§ ABOUT THIS EXERCISE
Please output exactly the lines from the one that holds "Swift Alfresco S/S" through the final line of the data, and nothing else; leave out any pictures.

§ DATASET SECTION
────
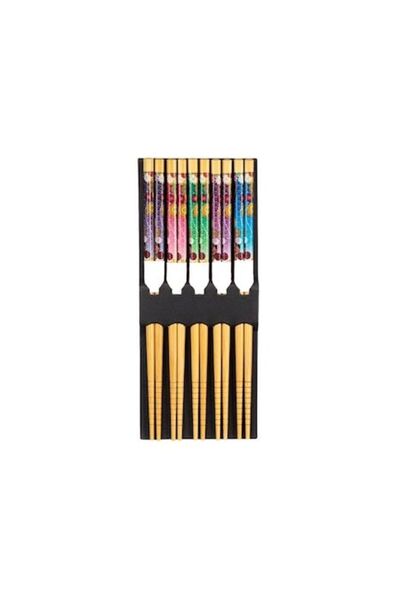 TRENDMARK Set of 5 Pairs of Chinese Chopsticks Trendmark, Bamboo, 22.5 cm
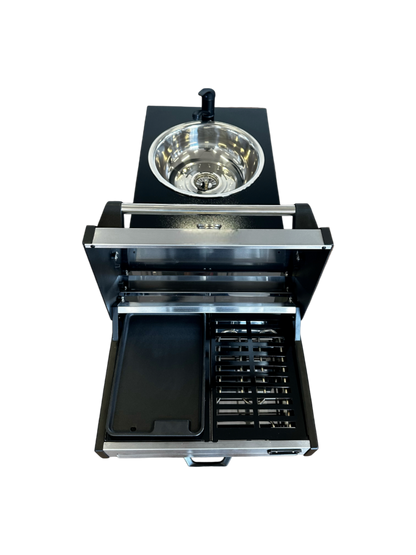 Swift Alfresco S/S (Slide-Out, Electric BBQ & Sink)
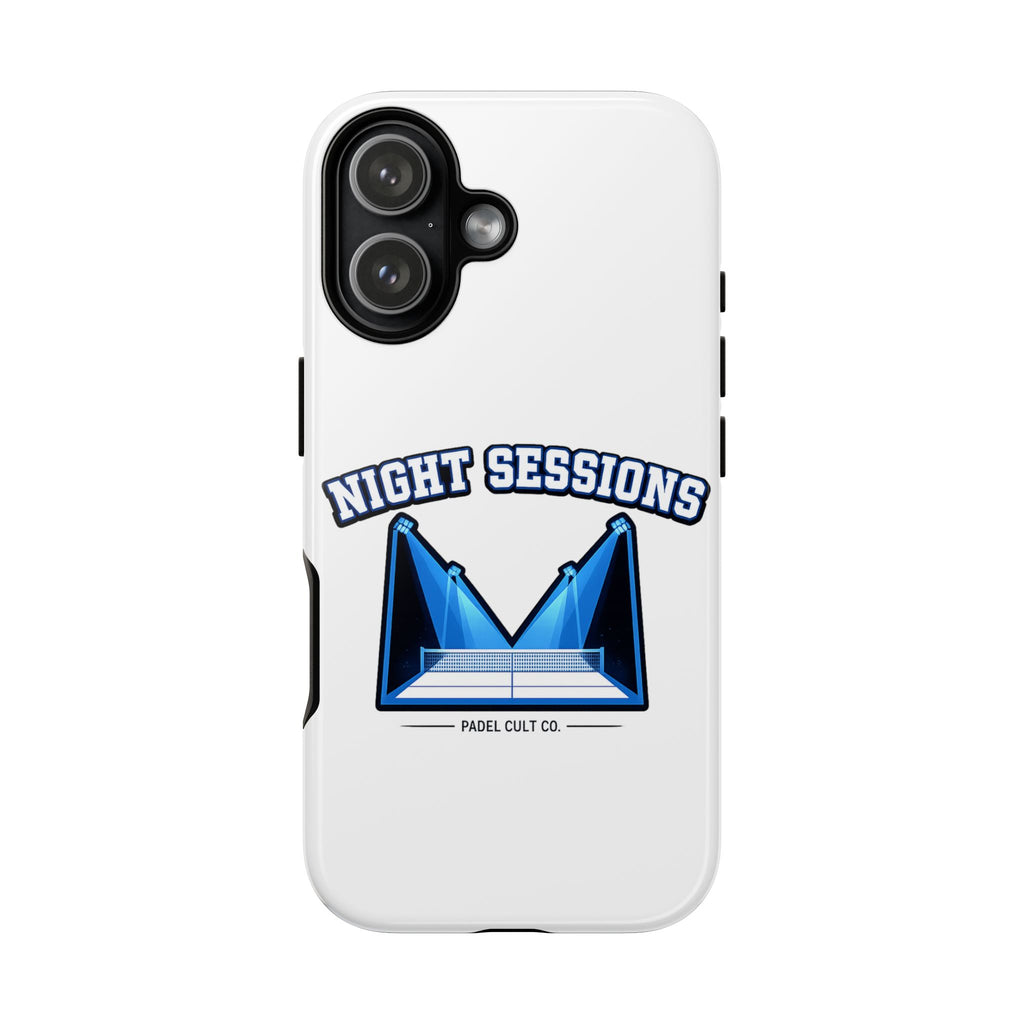 Night Sessions Phone Case — Tough Protective Slim Case with Padel-Inspired Design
────
§ SOLUTION FOR THIS TASK
 Swift Alfresco S/S (Slide-Out, Electric BBQ & Sink)
 Night Sessions Phone Case — Tough Protective Slim Case with Padel-Inspired Design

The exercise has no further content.